Every line from the one containing "DECGOL Sage Green" through the last line below should be reproduced exactly; please include nothing else.
[[ Listed entries open ]]
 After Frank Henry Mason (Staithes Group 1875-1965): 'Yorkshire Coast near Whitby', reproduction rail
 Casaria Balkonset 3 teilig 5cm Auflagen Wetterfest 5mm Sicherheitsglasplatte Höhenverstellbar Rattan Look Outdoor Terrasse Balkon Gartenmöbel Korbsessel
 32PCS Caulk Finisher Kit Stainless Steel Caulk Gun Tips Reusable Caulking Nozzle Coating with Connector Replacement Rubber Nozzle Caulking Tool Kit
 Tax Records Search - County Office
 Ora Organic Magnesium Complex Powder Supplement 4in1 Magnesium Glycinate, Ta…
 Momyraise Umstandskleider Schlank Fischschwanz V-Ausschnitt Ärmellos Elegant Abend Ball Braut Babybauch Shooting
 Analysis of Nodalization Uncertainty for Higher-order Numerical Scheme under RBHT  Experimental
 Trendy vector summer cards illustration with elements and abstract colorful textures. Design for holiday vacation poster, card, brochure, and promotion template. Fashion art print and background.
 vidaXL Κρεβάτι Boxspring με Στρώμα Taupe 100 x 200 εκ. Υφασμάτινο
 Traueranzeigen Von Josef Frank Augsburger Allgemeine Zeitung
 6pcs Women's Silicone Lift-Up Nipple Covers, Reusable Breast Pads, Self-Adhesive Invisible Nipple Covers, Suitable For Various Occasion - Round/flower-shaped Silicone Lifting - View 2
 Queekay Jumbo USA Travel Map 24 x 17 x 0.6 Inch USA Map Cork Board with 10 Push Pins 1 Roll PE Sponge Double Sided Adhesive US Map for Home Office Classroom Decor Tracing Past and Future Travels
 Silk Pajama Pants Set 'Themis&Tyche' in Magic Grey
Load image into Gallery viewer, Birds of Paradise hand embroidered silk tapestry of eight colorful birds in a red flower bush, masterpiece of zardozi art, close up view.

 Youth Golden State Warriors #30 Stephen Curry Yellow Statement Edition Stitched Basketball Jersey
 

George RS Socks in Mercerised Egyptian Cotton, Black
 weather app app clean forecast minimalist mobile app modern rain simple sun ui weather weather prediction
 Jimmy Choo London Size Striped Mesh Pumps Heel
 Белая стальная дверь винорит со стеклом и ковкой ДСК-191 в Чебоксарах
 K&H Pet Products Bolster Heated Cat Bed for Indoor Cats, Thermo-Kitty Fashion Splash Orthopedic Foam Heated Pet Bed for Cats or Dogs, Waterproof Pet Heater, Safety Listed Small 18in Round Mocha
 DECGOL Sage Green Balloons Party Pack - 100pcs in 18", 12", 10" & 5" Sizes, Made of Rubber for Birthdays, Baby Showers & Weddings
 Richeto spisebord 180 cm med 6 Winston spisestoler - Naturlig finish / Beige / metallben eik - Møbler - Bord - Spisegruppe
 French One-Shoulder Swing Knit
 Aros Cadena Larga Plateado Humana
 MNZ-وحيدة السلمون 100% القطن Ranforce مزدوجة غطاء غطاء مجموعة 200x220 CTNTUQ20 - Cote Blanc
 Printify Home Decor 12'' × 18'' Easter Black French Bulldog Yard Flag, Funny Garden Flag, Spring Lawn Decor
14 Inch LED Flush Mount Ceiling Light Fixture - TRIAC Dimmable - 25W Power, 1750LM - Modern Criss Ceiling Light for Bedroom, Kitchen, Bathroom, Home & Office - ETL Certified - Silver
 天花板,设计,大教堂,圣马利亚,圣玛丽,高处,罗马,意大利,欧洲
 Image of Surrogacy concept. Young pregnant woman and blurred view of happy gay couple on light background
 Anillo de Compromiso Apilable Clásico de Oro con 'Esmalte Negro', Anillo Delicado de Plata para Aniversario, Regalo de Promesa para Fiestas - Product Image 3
[[ Listed entries closed ]]
▶ Solved problem
 DECGOL Sage Green Balloons Party Pack - 100pcs in 18", 12", 10" & 5" Sizes, Made of Rubber for Birthdays, Baby Showers & Weddings
 Richeto spisebord 180 cm med 6 Winston spisestoler - Naturlig finish / Beige / metallben eik - Møbler - Bord - Spisegruppe
 French One-Shoulder Swing Knit
 Aros Cadena Larga Plateado Humana
 MNZ-وحيدة السلمون 100% القطن Ranforce مزدوجة غطاء غطاء مجموعة 200x220 CTNTUQ20 - Cote Blanc
 Printify Home Decor 12'' × 18'' Easter Black French Bulldog Yard Flag, Funny Garden Flag, Spring Lawn Decor
14 Inch LED Flush Mount Ceiling Light Fixture - TRIAC Dimmable - 25W Power, 1750LM - Modern Criss Ceiling Light for Bedroom, Kitchen, Bathroom, Home & Office - ETL Certified - Silver
 天花板,设计,大教堂,圣马利亚,圣玛丽,高处,罗马,意大利,欧洲
 Image of Surrogacy concept. Young pregnant woman and blurred view of happy gay couple on light background
 Anillo de Compromiso Apilable Clásico de Oro con 'Esmalte Negro', Anillo Delicado de Plata para Aniversario, Regalo de Promesa para Fiestas - Product Image 3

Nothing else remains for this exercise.